When it comes to food, I’m an equal opportunity celebrator. I’ve yet to come across a cuisine in which I’ve failed to find something delicious. There are certain ones, however, that stand out in my mind as extraordinary, especially when done right. One of them is the cuisine I have decided to celebrate with you this week.
Indian food is some of the most flavorful food I’ve ever eaten. Their recipes are bold and so many of the cooking techniques used in today’s Indian restaurants are rooted in tradition dating back centuries.
For a very long time, whenever I heard the words “Indian food,” the first thing that would spring to mind was curry. I chalked it up to my ignorance of the cuisine until, after further exploration, I realized I wasn’t entirely wrong.
Curry is a staple in Indian cooking. It is the kind of spice that elevates so many of the dishes associated with that region’s culinary masterpieces. What I did learn over time is that while I was right in my assessment of the importance of curry in Indian food, I had no idea that curry wasn’t a single spice. It was a kind of spice — an umbrella term under which an assortment of flavorful spice blends dwelled.
This realization was a moment in my culinary life when my mind was blown.
It was not until a recent trip to London’s Borough Market that I came across a spice shop called Spice Mountain and more curries than I could mentally process. While I’ve used a couple of them since my return, I only recently took the conscious plunge into exploring all that I had brought back from overseas. I allowed the scent of each curry to guide how I was going to use it, and the end result are the next four recipes I am so happy to share with you!
To kick off Curry Week here on the blog, I share with you this recipe for Grilled Korma Curry Chicken Skewers with Yogurt Dipping Sauce. I’ve been making chicken skewers for a while now. This, however, was the first time I used korma curry. And it will absolutely not be the last!
It doesn’t matter if you’re pondering dinner for two or your next party appetizer. Check out this recipe and use it for both. You’ll only be looking forward to the next opportunity for you to use it again!

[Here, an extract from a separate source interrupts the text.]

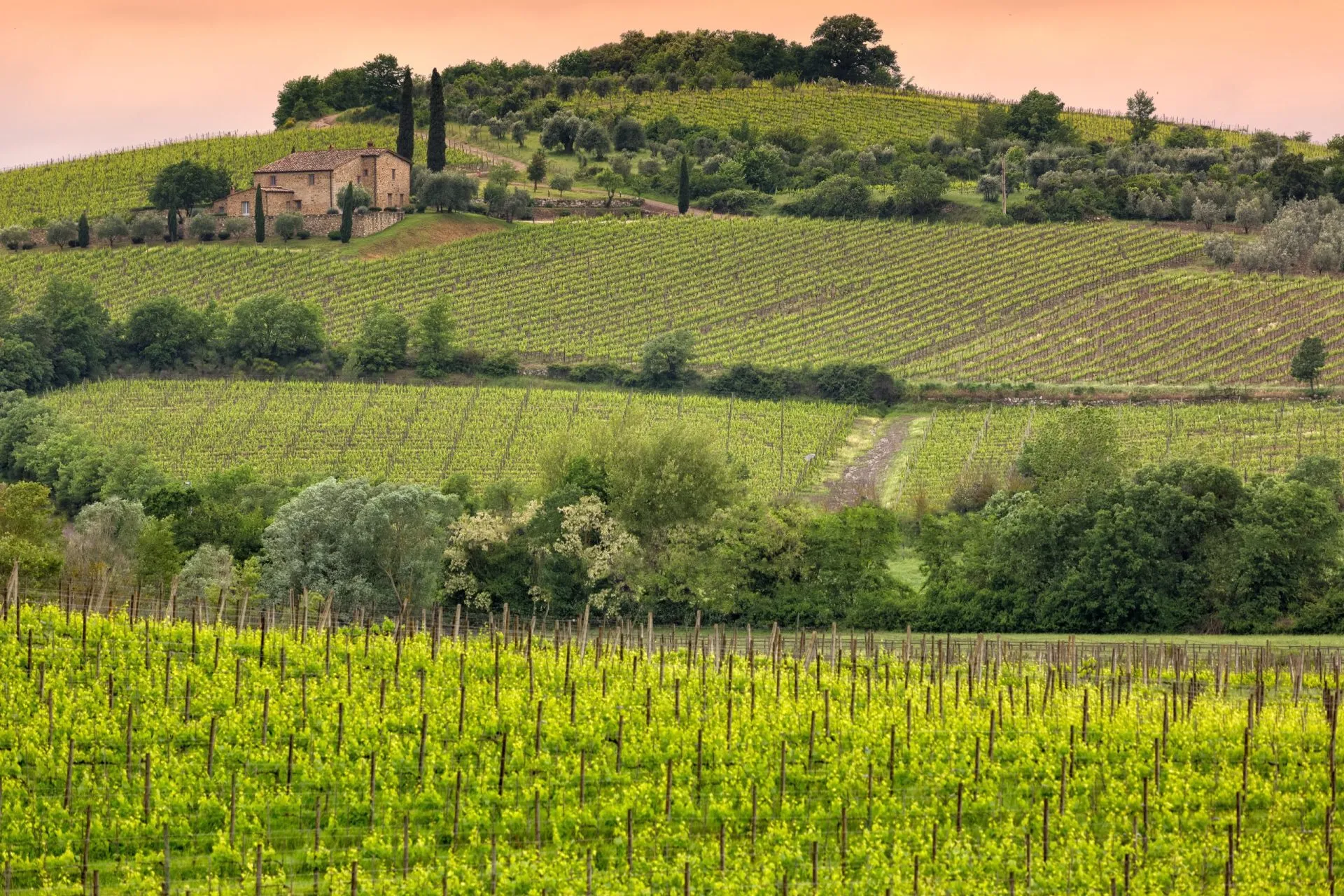 Vineyard near Montalcino, Tuscany, Italy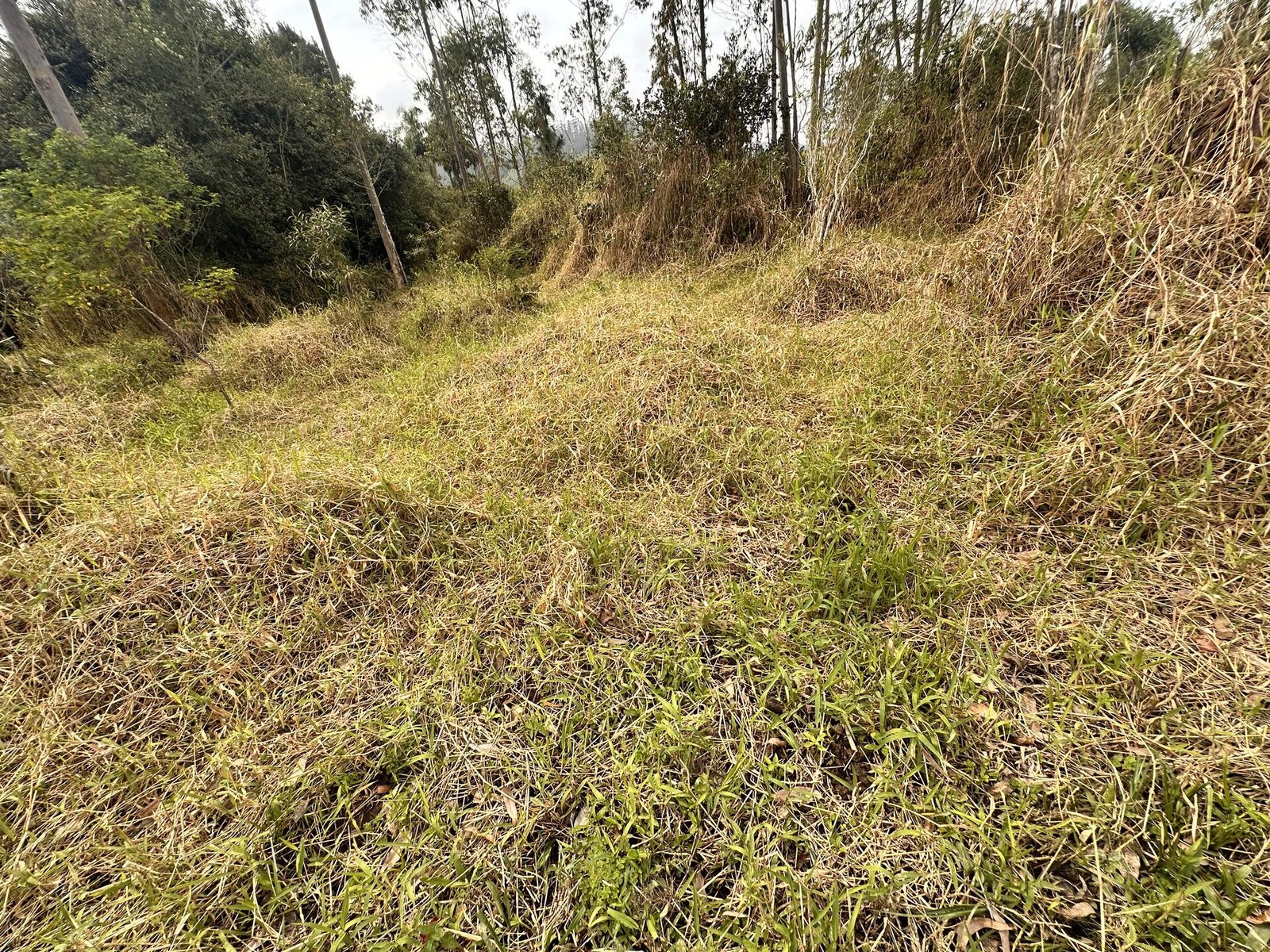 LOTE COMPOSTO 02 IMOVEIS URBANOS em Doutor Pedrinho/SC - foto 7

Grilled Korma Curry Chicken Skewers
with Yogurt Dipping Sauce
(yields 14-16 skewers)
For the chicken:
1 1/2 lb boneless skinless chicken thighs (roughly 4-6 thighs)
1 1/2 tb olive oil
1 tb korma curry
2 tsp dried basil
1 1/2 tsp kosher salt
1 tsp granulated garlic
1/2 tsp crushed red pepper flakes
1/2 tsp cracked black pepper
Mix the spices in a small bowl. Toss the chicken in the olive oil and coat with the spice blend. Marinate for 1 hour or overnight.
Fire up your outdoor grill or heat a grill pan over medium to medium-high heat. Cook the chicken for 7 minutes on each side. Loosely tent the chicken with foil to aid in the cooking process if you are cooking the chicken thighs indoors. Close the lid on your grill if you are cooking them outside.
Remove the pieces from the grill and allow them to rest for 3-5 minutes or until they have cooled down enough to handle.
For the yogurt sauce:
7 oz greek yogurt
1 garlic, finely minced
1 tsp chopped parsley
1/2 tsp kosher salt
1/2 tsp korma curry
1/4 tsp cracked black pepper
Juice of 1/2 lemon
Mix in a small bowl and refrigerate until ready for use.
Bringing it all together:
Basil for garnish
Parsley for garnish
1 tsp crushed red pepper flakes
1 lemon, cut into 8 wedges
1 tb honey
Cut each cooked thigh into 3-4 pieces and skewer each piece. Lay the skewers of chicken flat on a platter. Drizzle the chicken with the honey and garnish with the basil, parsley and crushed red pepper flakes. Transfer the yogurt into a small dish for dipping and serve the chicken while warm alongside the yogurt and lemon wedges.